Constellation Brands' (NYSE:STZ) stock has hit a rare patch of resistance following the June 29 release of its fiscal first-quarter 2019 report. The manufacturer and distributor of beer, wine, and spirits surprised investors with a slight but atypical weakening of profitability in the period that ended May 31. After adjusting reported operating income for acquisitions, restructurings, market adjustments to investments, and other costs, the company's comparable operating income dipped 4% from fiscal Q1 2018. In the first of this two-part series, we'll look at the factors that impacted its operating margin, and isolate two items with the potential to weigh on Constellation's profits beyond the current year.
Weakness in wine
Management had previously cautioned investors that revenue growth in the company's wine and spirits segment would be limited to the low single-digit percentages in Q1. The segment was in for a difficult comparison against the first three months of fiscal 2018, which saw unusually high volume as Constellation replenished supply of its popular, upscale Meiomi wine brand following a shortage in fiscal Q4 2017.

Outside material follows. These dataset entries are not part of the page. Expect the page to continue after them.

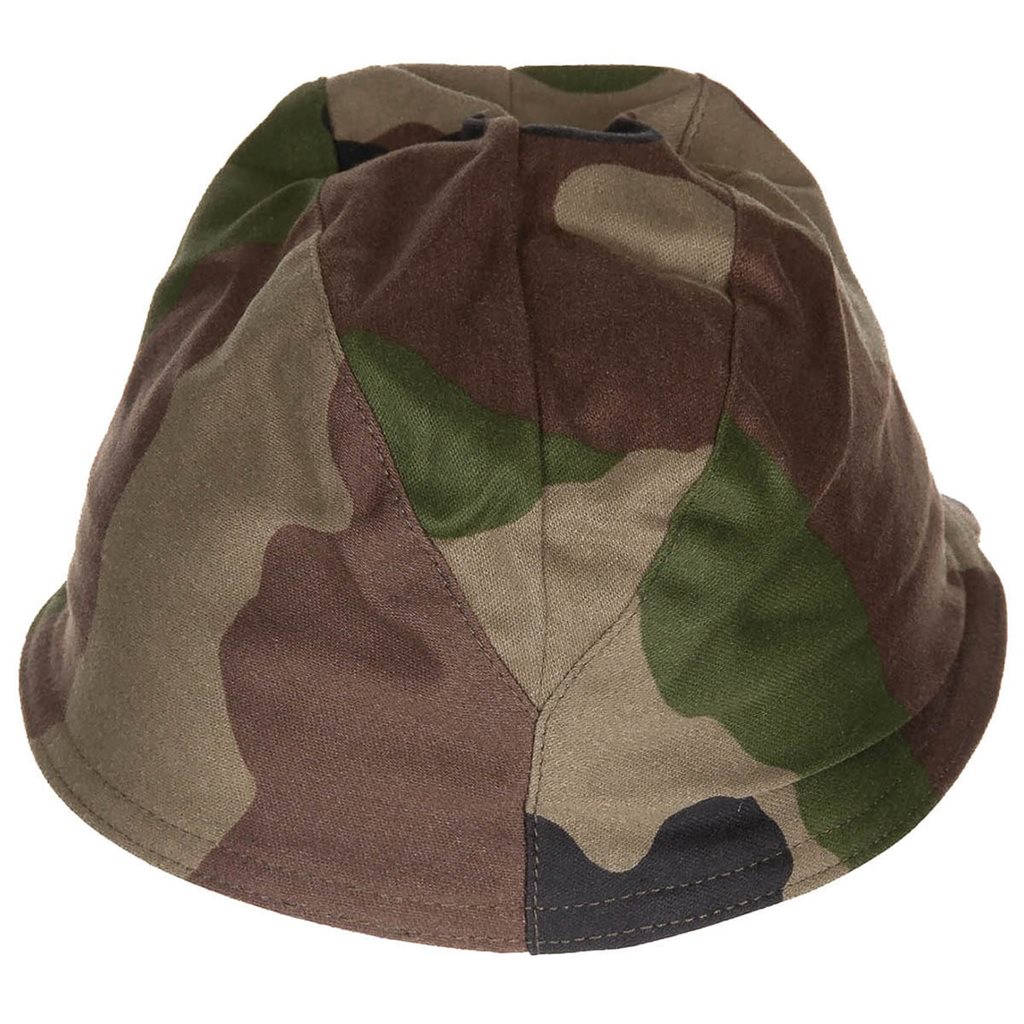 Čepice F1 francouzská CCE TARN vel. 57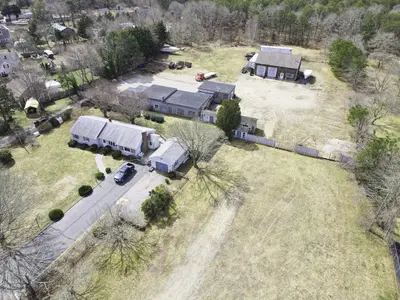 108 Trotting Park Road, Falmouth MA — view 2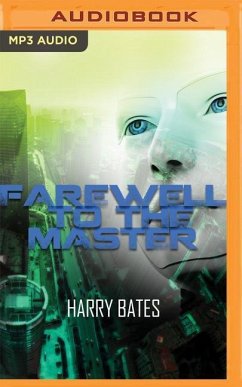 Farewell to the Master - Bates, Harry
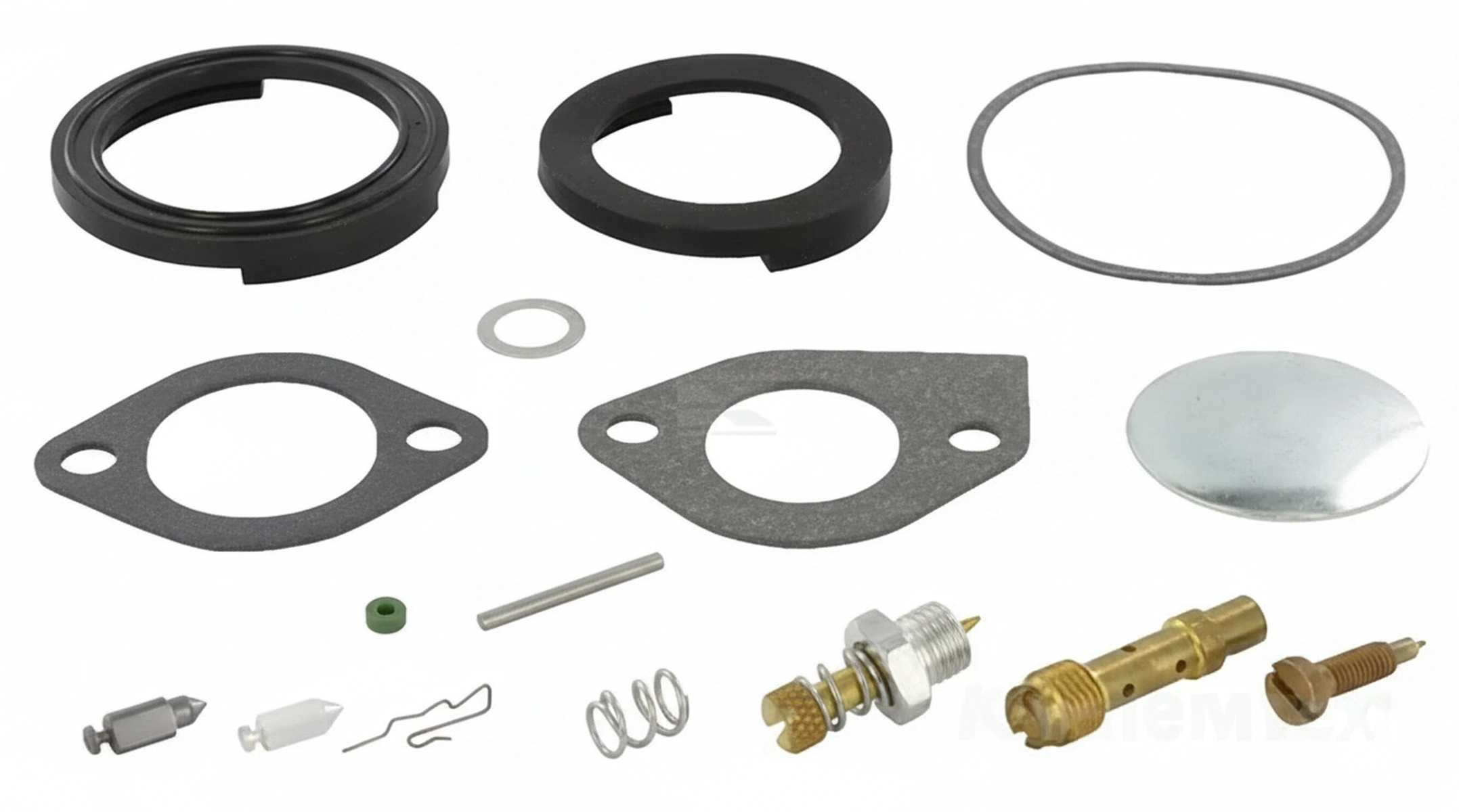 Kramp-394698 - Carburettor repair kit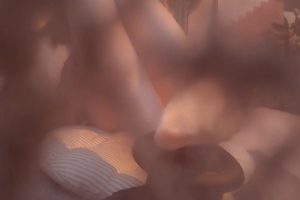 抱抱er 超隐秘视角白丝足耳（22.09.20~1）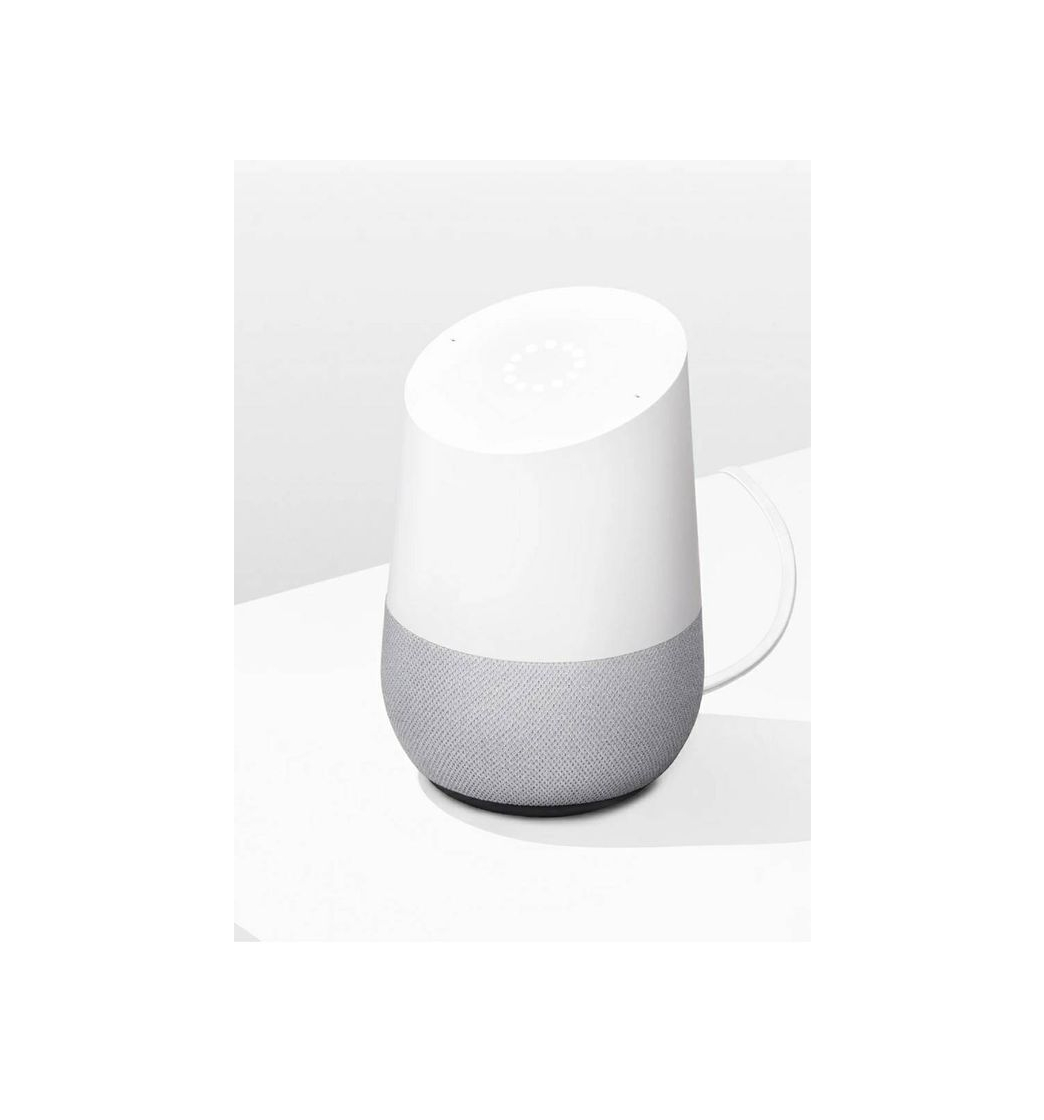 Producto Google Nest Smart Speakers & Displays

The actual results, though, were worse: Wine and spirits revenue dipped 2.5% to $672 million. That, combined with a higher cost base, pushed wine and spirits operating income south by 17% to $167.8 million. Segment operating margin declined by 430 basis points versus the prior-year quarter. Management cited an uptick in cost of goods sold (COGS) stemming from higher freight and grape costs, along with "marketing investments for key focus brands and innovation initiatives."
These investments include new products in the trending rose wine category, and brand extensions in established labels like SKEDVA vodka and Cooper & Thief blended red wine. Constellation is also devoting resources to expansion of its "boxed wine" brand, Black Box, into spirits -- it launched whiskey, tequila, and vodka variants in recent months.
Additional brand and marketing investments are partially a function of external factors. Management pointed to a slowdown in the overall U.S. wine market as one factor weighing into its meager forecast for segment sales growth in the 2% to 4% range this year.
Over an extended term, Constellation's favored formula of premium product innovation accompanied by serial bolt-on acquisitions will likely spark sales growth. Still, in the present environment, the wine and spirits business must allocate sustained resources to marketing just to stay ahead of the industry's generally sluggish sales.
A blemish on beer
Constellation's beer segment experienced similar margin pressures. As the larger of the two divisions -- it booked $1.375 billion in sales this quarter -- the beer business provided roughly two-thirds of total company revenue. While the beer segment's top line improved by 11% year over year, its operating margin slumped 230 basis points due to "planned marketing investments, higher transportation costs and unfavorable foreign currency [effects]," which offset attractive pricing power.
Those "planned marketing investments" were primarily related to the recent launch of two Mexican beer products: Corona Premier and Corona Familiar. Constellation noted in its earnings press release that the two beverages are the first innovations to the Corona line in 25 years. The company acquired the Corona brand, as well as the Modelo Especial, Pacifico Claro, and Victoria labels, through its purchase of the Grupo Modelo U.S. beer portfolio in 2013.
While Constellation has achieved market share gains in the Mexican beer category over the last four years, its beer segment is showing signs of maturity. After achieving a growth rate in the mid-teen percentages in fiscal 2016 and 2017, revenue expansion dropped to 10% in fiscal 2018, and is projected to land between 9% and 11% in fiscal 2019. As in wine and spirits, shareholders should expect higher investments behind each beer sales dollar in the near future.
An additional amplified expense
If slightly curbed revenue gains in both of Constellation's operating segments make the need for heavier marketing obvious, the second area where expenses are rising is more subtle. Constellation's focus on the beer division as its primary source of growth will result in higher depreciation expenses over the next several years. During fiscal Q1 2019, depreciation expenses jumped 20% to $84.2 million versus the prior-year quarter.
This is a result of management's overarching business strategy to expand production capacity in an effort to meet the ever-growing consumer demand for imported Mexican beers. Constellation's annual capital expenditures have increased by several magnitudes since it acquired its Mexican beer stable, and its property, plant, and equipment spend now averages roughly $1 billion per year.
With $3 billion spent on manufacturing expansion in the last three years alone, the company's depreciable asset base has ballooned, driving up yearly depreciation expenses. The organization's Mexican production facilities in Nava and Obregon have reached a combined 31.5 million hectoliters of annual capacity, and construction proceeds on a new 5 million liter plant in Mexicali, Mexico. Constellation has also embarked on additional expansions at Nava and Obregon; by 2023, it expects to reach total annual production capacity of 44 million hectoliters of Mexican beer.
Ramped-up marketing expenses and depreciation from capital expenditures represent value-creating cash outlays that will run through the income statement on a quarterly basis. Investors appreciate this, but they may be exhibiting skepticism that Constellation's top line will maintain its resiliency. That's a topic we'll explore in the second part of this series.